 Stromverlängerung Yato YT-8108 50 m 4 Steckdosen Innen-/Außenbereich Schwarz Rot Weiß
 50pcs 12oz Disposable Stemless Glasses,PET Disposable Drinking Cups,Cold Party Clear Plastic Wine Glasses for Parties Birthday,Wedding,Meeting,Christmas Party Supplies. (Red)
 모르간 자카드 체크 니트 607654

* * *

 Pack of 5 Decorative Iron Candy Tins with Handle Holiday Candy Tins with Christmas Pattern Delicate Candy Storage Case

Your task »
The answer must consist of every line from the data that contains the word "Christmas".

Expected answer »
 50pcs 12oz Disposable Stemless Glasses,PET Disposable Drinking Cups,Cold Party Clear Plastic Wine Glasses for Parties Birthday,Wedding,Meeting,Christmas Party Supplies. (Red)
 Pack of 5 Decorative Iron Candy Tins with Handle Holiday Candy Tins with Christmas Pattern Delicate Candy Storage Case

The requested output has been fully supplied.